The issue is that there are many types of hash tables and balanced binary trees, and their performances vary widely.

So, the naive answer is: it depends on the functionality you need. Use a hash table if you do not need ordering and a balanced binary tree otherwise.

For a more elaborate answer, let's consider some alternatives.

Hash Table (see Wikipedia's entry for some basics)

  • Not all hash tables use a linked-list as a bucket. A popular alternative is to use a "better" bucket, for example a binary tree, or another hash table (with another hash function), ...
  • Some hash tables do not use buckets at all: see Open Addressing (they come with other issues, obviously)
  • There is something called Linear re-hashing (it's a quality of implementation detail), which avoids the "stop-the-world-and-rehash" pitfall. Basically during the migration phase you only insert in the "new" table, and also move one "old" entry into the "new" table. Of course, migration phase means double look-up etc...

Binary Tree

  • Re-balancing is costly, you may consider a Skip-List (also better for multi-threaded accesses) or a Splay Tree.
  • A good allocator can "pack" nodes together in memory (better caching behavior), even though this does not alleviate the pointer-look-up issue.
  • B-Tree and variants also offer "packing"

Let's not forget that O(1) is an asymptotic complexity. For few elements, the coefficient is usually more important (performance-wise). Which is especially true if your hash function is slow...

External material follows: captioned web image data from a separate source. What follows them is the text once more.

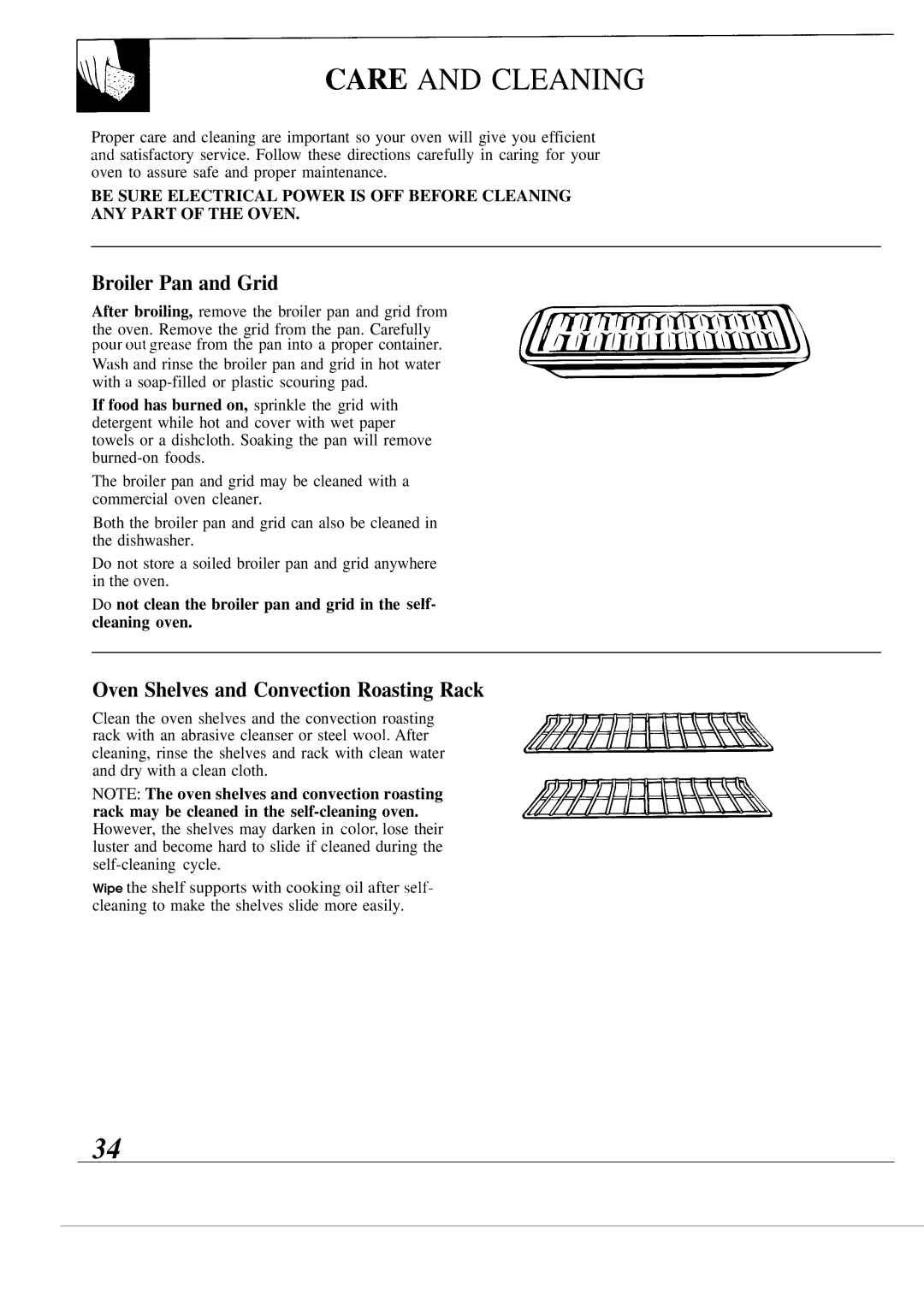 GE JTP55, JTP54, 164D2966P087 warranty Broiler Pan and Grid, If food has burned on, sprinkle the grid with 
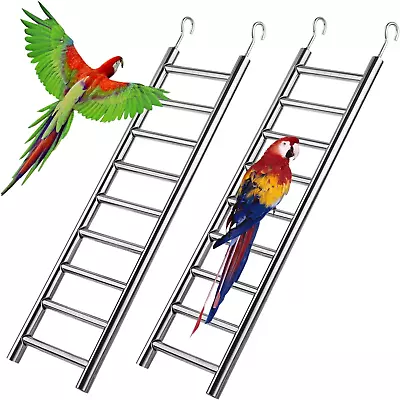 2Pcs Parrot Ladders 9-Step Bird Exercise Toy Play Ladder With Hooks For Cages  • $24.96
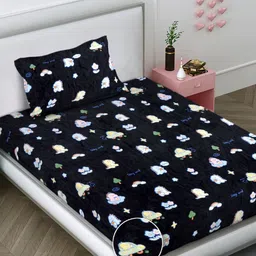 FABINALIV Black & White Cartoon Characters 300 TC Single Bedsheet with 1 Pillow Covers-63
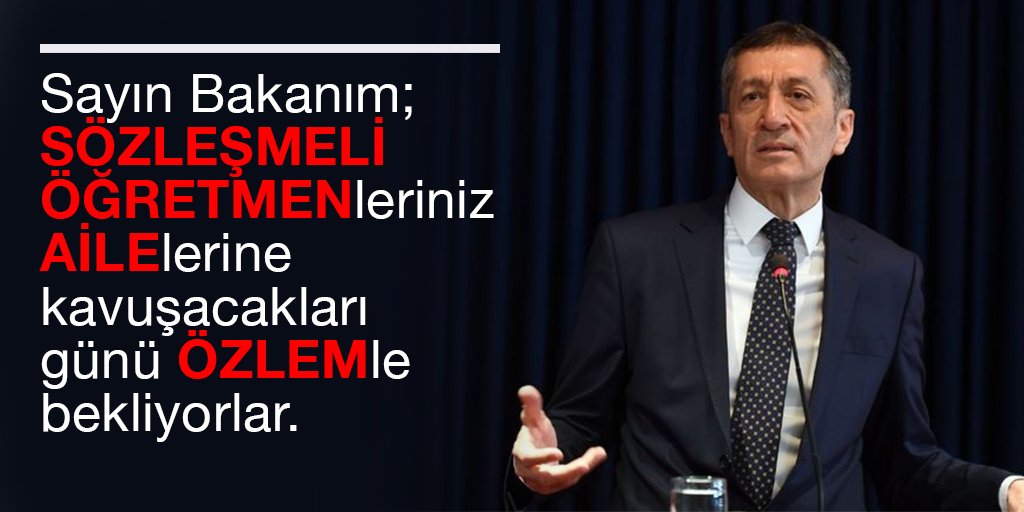 Sayın bakanım <a href="/ziyaselcuk/">Ziya Selçuk</a> 
Bugün aramıza 20.000 SÖZLEŞMELİ ÖĞRETMEN daha katılacak

Yeni atanan arkadaşlarımız için sevinçliyiz, hayırlı olsun

Bugün 20.000 alımın gerçekleştirileceği programda sizden KADROYA GEÇENLERE EŞ DURUMUNDAN TAYİN HAKKI VERİLMESİ MÜJDESİNİ BEKLİYORUZ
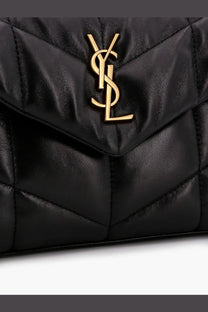 Saint Laurent women’s loulou puffer toy matelassé black quilted leather crossbody bag with gold ysl logo emblem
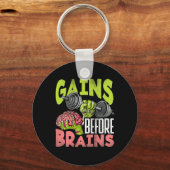 Halloween Workout Zombie Gewichtheffen Winsten Voo Sleutelhanger (Voorkant)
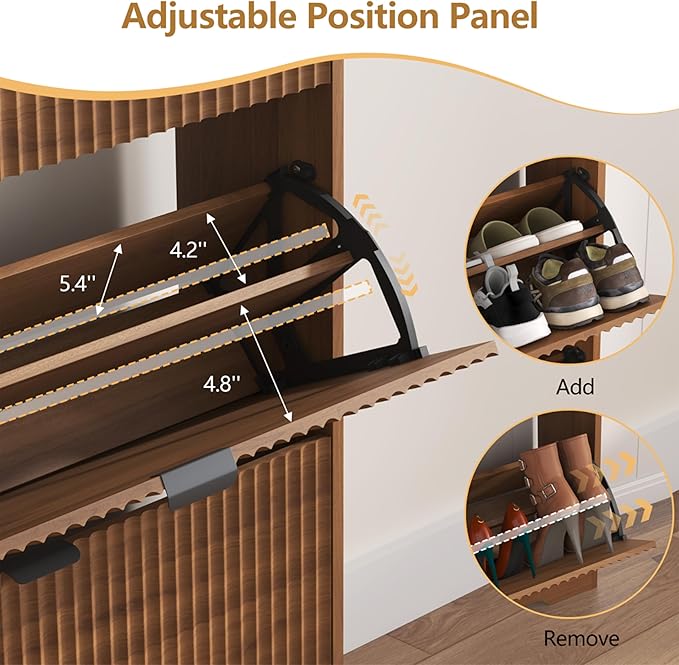 Shoe Cabinet Storage for Entryway with 3 Flip Drawers, Walnut Fluted Shoe Cabinet with Adjustable Shelves, Wooden Hidden Shoe Rack Freestanding Narrow Slim Shoes Storage for Hallway, Entrance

Finally, for sets, you may also wish to consider probabilistic data structures, like Bloom Filters.

Solution 2:

Hash tables are generally better if there isn't any need to keep the data in any sort of sequence. Binary trees are better if the data must be kept sorted.

Solution 3:

A worthy point on a modern architecture: A Hash table will usually, if its load factor is low, have fewer memory reads than a binary tree will. Since memory access tend to be rather costly compared to burning CPU cycles, the Hash table is often faster.

In the following Binary tree is assumed to be self-balancing, like a red black tree, an AVL tree or like a treap.

On the other hand, if you need to rehash everything in the hash table when you decide to extend it, this may be a costly operation which occur (amortized). Binary trees does not have this limitation.

Binary trees are easier to implement in purely functional languages.

Binary trees have a natural sort order and a natural way to walk the tree for all elements.

When the load factor in the hash table is low, you may be wasting a lot of memory space, but with two pointers, binary trees tend to take up more space.

Hash tables are nearly O(1) (depending on how you handle the load factor) vs. Bin trees O(lg n).

Trees tend to be the "average performer". There are nothing they do particularly well, but then nothing they do particularly bad.